Estate planning is based on the principle that our wealth transfer system is confiscatory, that federal estate and gift taxes can be voluntary, and that, with the right planning in place, the cost and inconvenience of estate settlement can be reduced or virtually eliminated during a taxpayer's lifetime. Thus, one of the ultimate goals of estate planning is the careful blend of various tools and techniques into a coordinated estate plan designed to prevent the needless loss of assets — in effect, disinheriting the IRS.
While clients must be advised to consult their personal legal or tax advisers for guidance regarding specific situations, anyone with at least $3,500,000 in assets may have a federal estate tax liability at some point. State death taxes are also an issue. In fact, high net-worth retirees may want to take a long, hard look at state inheritance and death taxes before deciding where to establish their legal residence in retirement.
An estate is the total of an individual's possessions, including real estate, business interests, securities and personal property at death. Certain exclusions apply to portions of a person's property owned jointly with someone else, including a spouse or business partner. Even so, it adds up quickly.

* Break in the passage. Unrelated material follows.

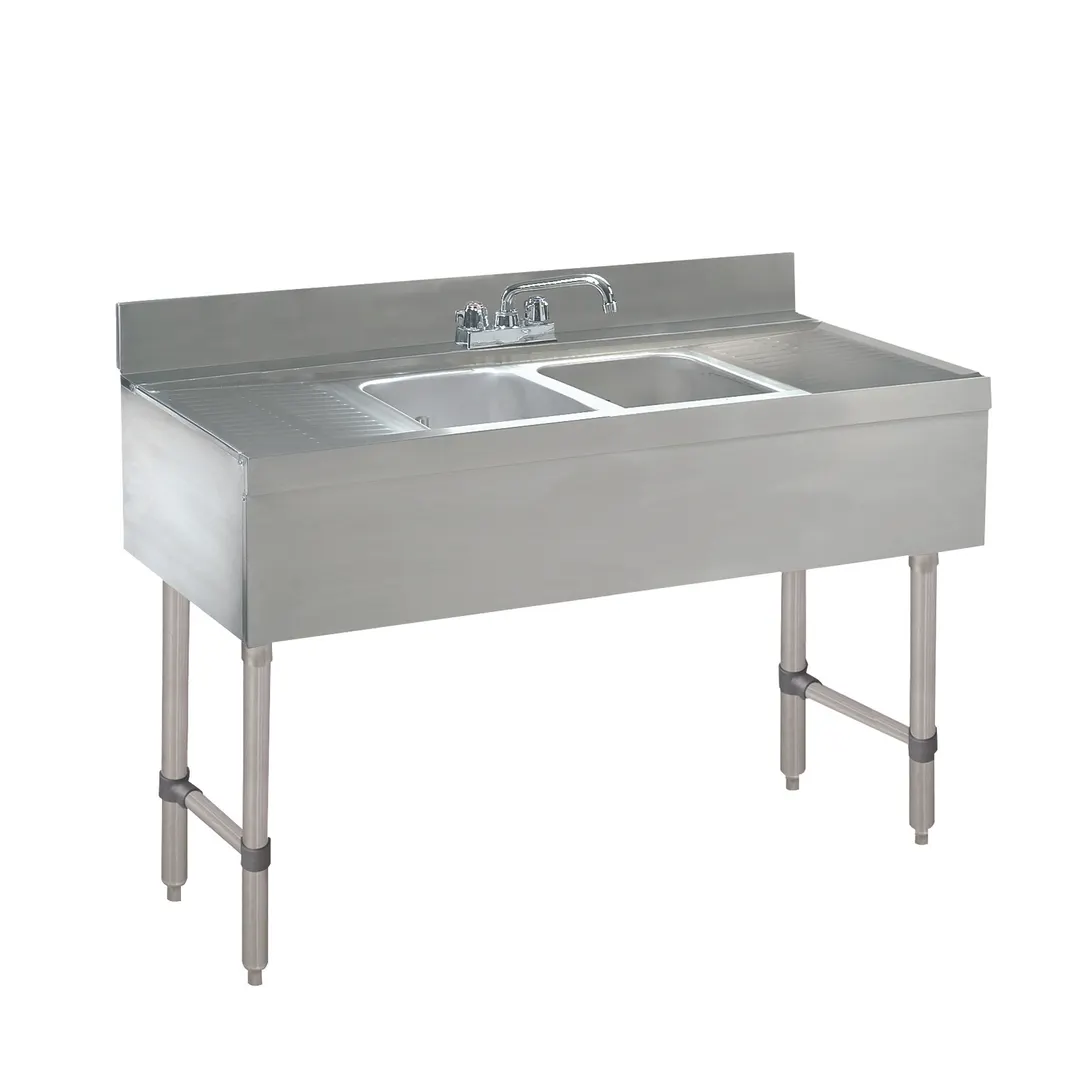 Advance Tabco CRB-42C 48" Underbar Sink Units, 2 Compartment with 2 Drainboards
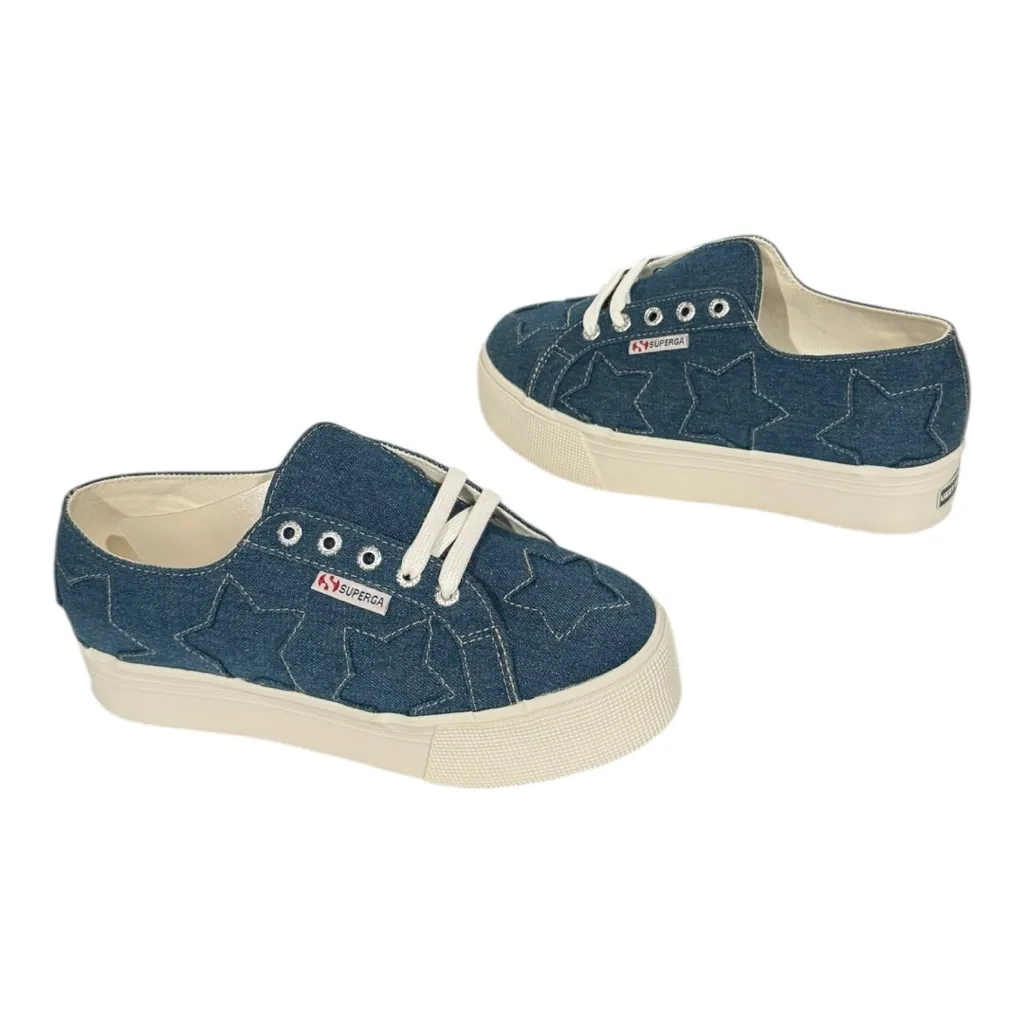 SUPERGA x LIZZY Denim Patch Star Low Top Platform Sneakers Size 7.5 NEW - Image 2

Problem: In an inflation-prone economy like ours, even people of modest means who never considered themselves wealthy enough to need estate planning, can be in for a shock when they see how exposed their estates may be. The more people exceed the likely federal $3,500,000 exemption amount (subject to changes in tax law), the more they benefit from estate planning as their assets continue to grow.
The same is true (and then some) for "boomers" who stand to inherit a share of a projected $6 trillion to $10 trillion from their parents' generation over the next 20 years. This phenomenon will come and go, but before then our fiscally strapped government will continue to find ways to catch and ride this one-time, financially lucrative age wave.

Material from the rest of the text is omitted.